Performance
When we got ready to start testing EVGA X58 SLI LE mainboard we upgraded our testbed. We replaced the Samsung SP2504C hard drive with a pair of young and fast Western Digital VelociRaptor WD3000HLFS HDDs, and ATI Radeon HD 4870 graphics card with 512 MB of memory yielded its place to ATI Radeon HD 4890 with 1 GB GDDR5. So, it is not totally correct to compare the results obtained today with the results from our previous reviews.
Overall, the upgrade worked well. Although the performance increased, the graphics card power consumption lowered and the level of generated noise remained the same.
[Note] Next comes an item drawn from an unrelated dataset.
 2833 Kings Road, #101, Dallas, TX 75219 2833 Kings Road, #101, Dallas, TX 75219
As for the hard drives, the outcome is actually twofold. They outperform the old HDD significantly, of course; the noise from the read/write heads is minor and not annoying. However a high-pitch whistling sound from the platters spinning at 10,000 RPM is very unpleasant. These are good hard drives, but looks like they are not quite fit for an open case like Antec Skeleton.
We are going to compare EVGA X58 SLI LE against a solution from the same price range – Asus P6T. At the first strange we will compare the performance of two testbed configurations in nominal mode. The only change that was made to the EVGA X58 SLI LE BIOS settings was enabling of Intel processor power-saving technologies that are disabled by default for some reason.
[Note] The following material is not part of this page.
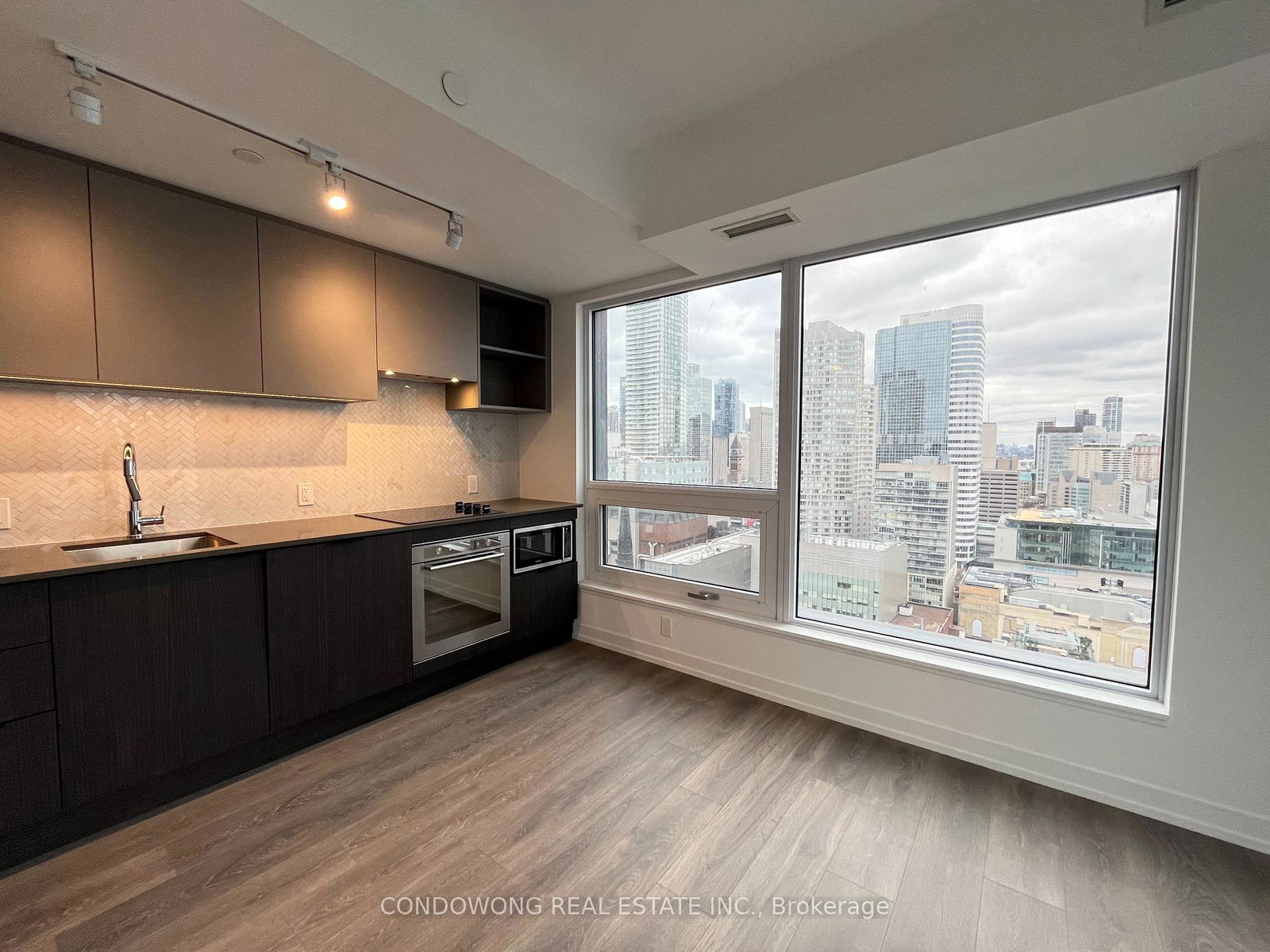 82-dalhousie-street-toronto-ontario-c13055850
Unfortunately, Asus mainboard was often ahead and sometimes quite significantly. In fact, we have come across only one mainboard so far that would take so long – 167 seconds – to calculate 8 million digits of the Pi. You may not be surprised to find out that it was EVGA X58 SLI Classified. And again we see the same result, and again on an EVGA mainboard.
Now let’s see how the two solutions compare during CPU overclocking to 3.8 GHz and memory frequency at 1810 MHz:

In fact, nothing has changed. The minimal fps rate in Crysis Warhead turned out unexpectedly high, while in other tests things are not so rosy again for EVGA X58 SLI LE mainboard. We saw very similar situation during our tests of EVGA X58 SLI Classified mainboard, but at that time our readers expressed an opinion that the lag had to do with the additional NVIDIA NF200 controller. It was allegedly creating additional delays. As we can see now, the controller has nothing to do with it. Even without it EVGA X58 SLI LE mainboard is still considerably behind the competitor.